2 Corinthians 2:14
“But thanks be to God, who in Christ always leads us in triumphal procession, and through us spreads the fragrance of the knowledge of him everywhere.” (1 Corinthians 2:14)
The approach to defining sin, clearly enunciated in the Old Testament, seems to provide the key to unlock the mystifying teaching of I John. John assures us that to claim sinless perfection is gross self-deception. And it makes God a liar, too! (I John 1:8-10) How then can the same author a few verses later assure us that anyone who sins does not even know God? In fact, belongs to the Devil! (I John 3:6-10). I’m convinced that the solution lies in the fact that John’s thinking was from the context of his Scripture, the Old Testament.
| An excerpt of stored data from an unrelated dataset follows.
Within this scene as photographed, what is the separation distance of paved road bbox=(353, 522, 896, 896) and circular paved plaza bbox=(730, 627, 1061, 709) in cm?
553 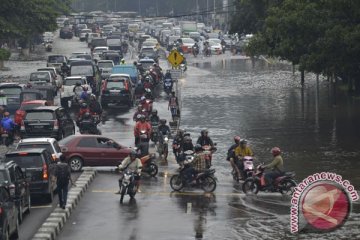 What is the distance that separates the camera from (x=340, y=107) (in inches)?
2042

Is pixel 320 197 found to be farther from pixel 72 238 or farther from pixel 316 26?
pixel 316 26

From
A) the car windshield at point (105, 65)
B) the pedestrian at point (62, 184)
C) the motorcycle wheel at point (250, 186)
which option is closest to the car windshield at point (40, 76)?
the car windshield at point (105, 65)

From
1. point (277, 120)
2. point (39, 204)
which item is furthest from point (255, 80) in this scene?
point (39, 204)

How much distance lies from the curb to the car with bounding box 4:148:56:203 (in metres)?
0.70

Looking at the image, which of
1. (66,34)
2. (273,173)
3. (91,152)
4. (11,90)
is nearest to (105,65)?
(11,90)

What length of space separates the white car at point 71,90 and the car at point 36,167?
74.2 ft

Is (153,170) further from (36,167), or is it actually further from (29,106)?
(29,106)

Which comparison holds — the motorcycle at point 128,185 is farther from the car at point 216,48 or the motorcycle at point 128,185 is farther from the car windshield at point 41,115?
the car at point 216,48

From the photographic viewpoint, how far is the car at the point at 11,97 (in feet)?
152

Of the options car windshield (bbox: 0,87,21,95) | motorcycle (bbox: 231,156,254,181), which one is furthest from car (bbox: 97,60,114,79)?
motorcycle (bbox: 231,156,254,181)

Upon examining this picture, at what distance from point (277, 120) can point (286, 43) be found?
3381 millimetres

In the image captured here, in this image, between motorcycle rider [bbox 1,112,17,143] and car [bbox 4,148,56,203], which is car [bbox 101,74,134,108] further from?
car [bbox 4,148,56,203]

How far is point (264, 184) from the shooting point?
93.0 feet

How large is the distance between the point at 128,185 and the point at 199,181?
2.39 m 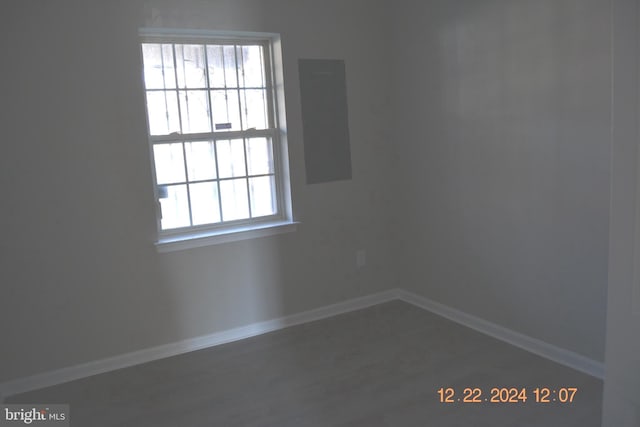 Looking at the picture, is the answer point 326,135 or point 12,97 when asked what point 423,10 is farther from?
point 12,97

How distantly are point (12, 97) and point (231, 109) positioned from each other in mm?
1366

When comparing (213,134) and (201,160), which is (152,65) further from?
(201,160)

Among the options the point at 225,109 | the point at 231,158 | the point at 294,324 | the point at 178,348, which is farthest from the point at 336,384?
the point at 225,109

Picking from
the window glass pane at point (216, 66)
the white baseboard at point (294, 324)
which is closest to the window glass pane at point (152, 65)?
the window glass pane at point (216, 66)

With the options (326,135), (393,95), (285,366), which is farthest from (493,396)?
(393,95)

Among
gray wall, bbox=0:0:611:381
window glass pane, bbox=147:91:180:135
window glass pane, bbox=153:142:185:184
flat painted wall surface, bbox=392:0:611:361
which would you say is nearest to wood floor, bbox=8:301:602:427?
gray wall, bbox=0:0:611:381

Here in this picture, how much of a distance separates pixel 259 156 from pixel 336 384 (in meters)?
1.76

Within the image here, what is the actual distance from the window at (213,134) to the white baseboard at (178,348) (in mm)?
737

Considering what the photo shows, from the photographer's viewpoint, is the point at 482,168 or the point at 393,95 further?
the point at 393,95

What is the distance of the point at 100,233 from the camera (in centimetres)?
332

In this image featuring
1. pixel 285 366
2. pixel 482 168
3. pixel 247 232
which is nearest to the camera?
pixel 285 366

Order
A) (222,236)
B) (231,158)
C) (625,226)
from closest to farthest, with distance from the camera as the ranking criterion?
1. (625,226)
2. (222,236)
3. (231,158)

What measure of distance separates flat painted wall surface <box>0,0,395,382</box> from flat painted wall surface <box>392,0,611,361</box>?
83 cm

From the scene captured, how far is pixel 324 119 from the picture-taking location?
4020 mm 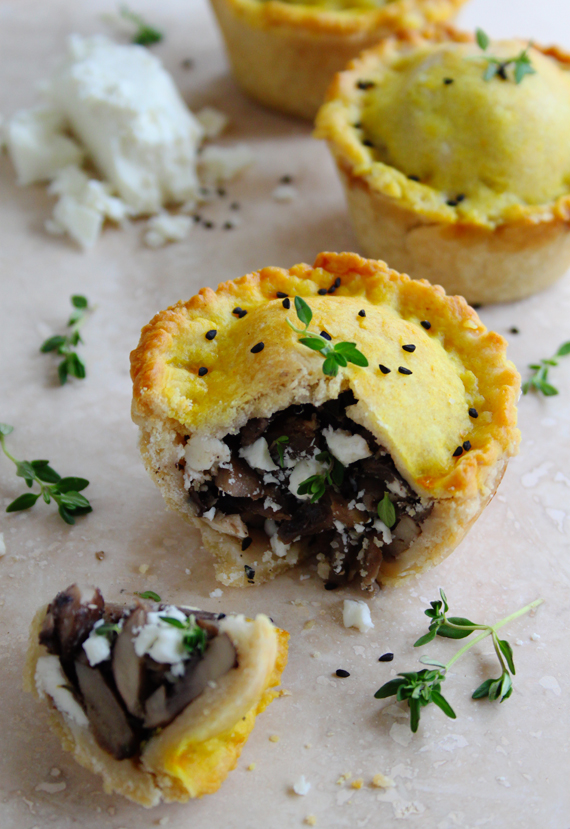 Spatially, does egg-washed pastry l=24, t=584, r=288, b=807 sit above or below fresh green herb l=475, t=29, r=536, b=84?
below

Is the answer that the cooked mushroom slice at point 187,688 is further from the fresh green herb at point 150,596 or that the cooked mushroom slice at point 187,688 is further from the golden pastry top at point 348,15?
the golden pastry top at point 348,15

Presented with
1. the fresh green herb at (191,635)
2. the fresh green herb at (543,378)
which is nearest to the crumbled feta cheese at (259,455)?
the fresh green herb at (191,635)

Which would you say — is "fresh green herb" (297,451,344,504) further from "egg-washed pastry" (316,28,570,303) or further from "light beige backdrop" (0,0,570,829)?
→ "egg-washed pastry" (316,28,570,303)

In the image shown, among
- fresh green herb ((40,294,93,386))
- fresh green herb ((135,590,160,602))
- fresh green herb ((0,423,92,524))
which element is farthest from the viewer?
fresh green herb ((40,294,93,386))

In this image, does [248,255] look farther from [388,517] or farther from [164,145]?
[388,517]

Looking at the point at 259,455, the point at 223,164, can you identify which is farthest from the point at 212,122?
the point at 259,455

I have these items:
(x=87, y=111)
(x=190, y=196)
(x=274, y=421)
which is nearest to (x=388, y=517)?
(x=274, y=421)

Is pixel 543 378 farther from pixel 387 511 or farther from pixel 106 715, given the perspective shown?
pixel 106 715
Based on the Old Testament distinction among sins, he assures us that anyone who claims to be free of any and all sin is badly deceived, because even if we have not chosen to violate some command, still we fall far short of God’s moral likeness (I John 1). But, if I take that awareness of sinful failure as license to choose sin, again I am badly deceived. My choices have proved I don’t belong to God at all. That this is the teaching of John in chapter 3 seems clear from the verb tense he chose, a tense which is not clear in most English translations. “If anyone is sinning…” says John, if anyone continues in deliberately choosing to violate God’s known will, that person does not know God. At least any assurance of belonging to God does not come from Bible affirmation. Nowhere does the Bible assure the person who persists in deliberately sinning that he or she is acceptable to God. The Bible tells such a person, rather: Repent! Quit that sinning!
Though this distinction between two categories of sin is not taught by all advocates of successful Christian living, it may well help define our hope of victory. Do we speak of sin as deliberately choosing to violate the known will of God? Then the Bible promises full deliverance, consistent victory. No need to ever fail. Do we speak of involuntary failure to measure up to God’s likeness? Then the Bible promises us steady growth toward that goal, though we will not be fully delivered from sinful attitudes and behavior until we “become like him” when we “see him as he is” at the end of our life.
I call this the mediating view of sanctification because it stands midway between those who hold out hope for absolute perfection on one hand and those who hold out no hope for a victorious life on the other. It is much easier to go to a consistent extreme than to stay at the center of biblical tension!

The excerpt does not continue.